Niacin is shorthand for the two main forms (or vitamers) of vitamin B3: nicotinic acid and nicotinamide. These vitamers work in different ways and have different therapeutic uses. For instance, nicotinic acid, but not nicotinamide, can change the concentration of lipids in the blood in a positive way. This led to the development of Niaspan, a prescription medication that is used to lower LDL (“bad”) and increase HDL (“good”) blood cholesterol levels.
Both nicotinic acid and nicotinamide are readily available in animal-based foods such as meat, poultry, and fish, and plant-based foods such as nuts, legumes, and grains.
Niacin’s classic role is as a building block for nicotinamide adenine dinucleotide (NAD). More than 400 chemical reactions in the body need NAD, from metabolizing all the nutrients in the foods we eat to many functions that happen within the cells, including gene expression and DNA repair. Niacin likely plays significant roles we’ve yet to uncover.
Studies have shown that people with higher levels of niacin in their diet have a diminished risk for Alzheimer’s disease. A prospective study followed 3,718 men and women ages 65 and older for six years, kept questionnaires on their diets, and had periodic cognitive assessments. Researchers reported in the Journal of Neurology, Neurosurgery, and Psychiatry that people with the highest niacin intake had lower rates of Alzheimer’s disease and cognitive decline, compared with people with the lowest intake. They concluded that niacin may protect against both Alzheimer’s and cognitive decline in aging.
The Coronary Artery Risk Development in Young Adults, or “CARDIA” study, with results published in 2017 in The American Journal of Clinical Nutrition, followed its participants—3,136 men and women ages 18 to 30 from Chicago, Minneapolis, Oakland, and Birmingham, Ala.—for up to 25 years. The study measured dietary and supplemental B vitamin intake of niacin, folate, vitamin B6, and vitamin B12, and found that a higher intake of B vitamins, niacin in particular, throughout young adulthood was associated with better cognitive function scores in middle-age years.
In contrast to others in the field of Alzheimer’s research who are focused directly on amyloid plaques and finding therapeutics that target them, our research centers on the activity of immune cells in the brain and how their response to amyloid plaques act as a central contributor to Alzheimer’s disease.
This particular research project began five years ago to build on those earlier findings regarding niacin and Alzheimer’s. While niacin was used in other models of Alzheimer’s, nicotinic acid has not. No one before had discerned between the types of niacin. For this research, we used Niaspan and mice specifically engineered to get Alzheimer’s disease by modifying certain genes.
Data from previous studies show that the brain doesn’t convert nicotinic acid into NAD as other organs do. Different things happen. Most importantly in terms of Alzheimer’s disease, it activates a receptor called HCAR2 in the brain’s microglia. Microglia are immune cells that play roles in brain infections and inflammation and have been linked to amyloid plaques.
When niacin activates the receptor, it stimulates beneficial actions from these immune cells. We found protective and therapeutic effects in the mice given Niaspan. The mice who did not receive it had worsening cognitive impairments and greater amyloid deposits. The results suggest that modulating microglia activity through HCAR2—specifically targeting the neuroimmune response to amyloid in the brain—might be effective for preventing or treating Alzheimer’s disease.

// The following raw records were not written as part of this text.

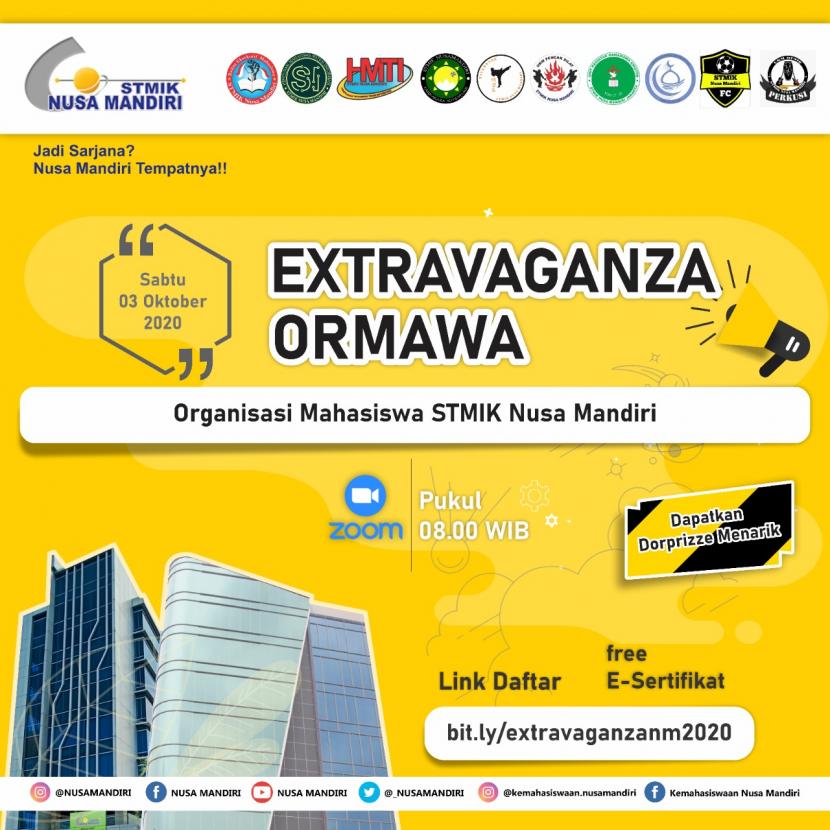 STMIK Nusa Mandiri akan menggelar kegiatan Extravaganza Ormawa pada Sabtu (3/10) besok.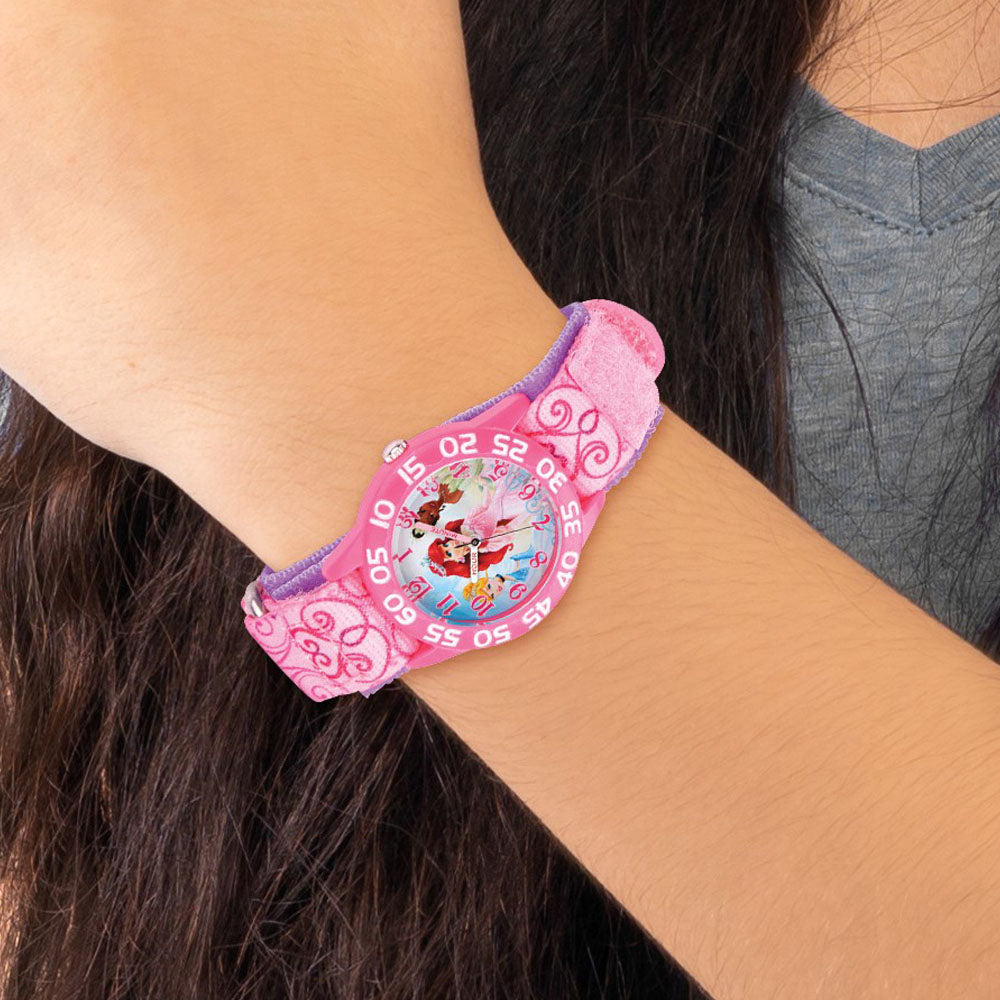 Alternate view of the Disney Girls Princess Acrylic Pink Strap Time Teacher Watch by The Black Bow Jewelry Co.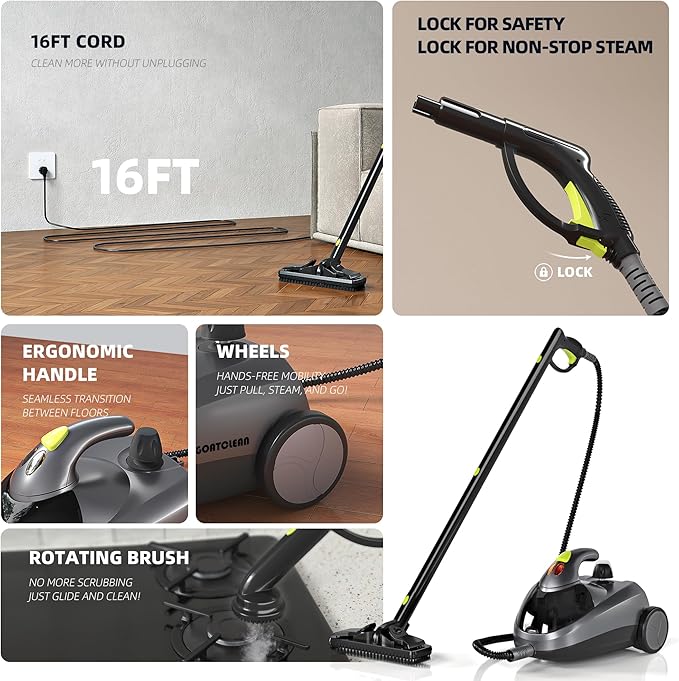 Steam Cleaner, Power Steamer for Chemical-Free Home Cleaning, 22-Piece Accessory, Multipurpose Floor Cleaner for Grout, Kitchen, Bathroom, Car, Upholstery, 16ft Cord, High Temperature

As exciting as this finding is, it’s too early to extrapolate what it means to human beings. All we know for sure right now is that we can reverse the disease effects in a mouse genetically transformed to develop Alzheimer’s disease.
Our primary goal for this year is to move to a clinical study on people to be sure nicotinic acid has a beneficial effect and to find the right dose. We gave mice a dose equivalent to the one that people are started on to manage blood lipids and lower than the maintenance dose. If you currently take Niaspan for high cholesterol, you may indeed be getting an anti-Alzheimer’s benefit.
We know that niacin helps with memory, so make sure you’re getting it in your diet. According to the Office of Dietary Supplements in the National Institutes of Health, plant-based foods provide about 2 to 5 mg of niacin per serving, mainly as nicotinic acid. It’s too soon to say whether you should be supplementing with nicotinic acid to prevent Alzheimer’s.
People who take the very high doses of Niaspan must be regularly monitored by a physician. It comes in an extended-release form that allows slower, more gradual absorption and helps avoid side effects of high-dose niacin like flushing.
Our work also includes investigating nicotinic acid’s effect on amyloid- and tau-driven disease. At other institutions, it’s currently being tested in clinical trials as a possible therapeutic for Parkinson’s disease and glioblastoma (an aggressive form of brain cancer), following the thesis that nicotinic acid modulates the brain’s immune response.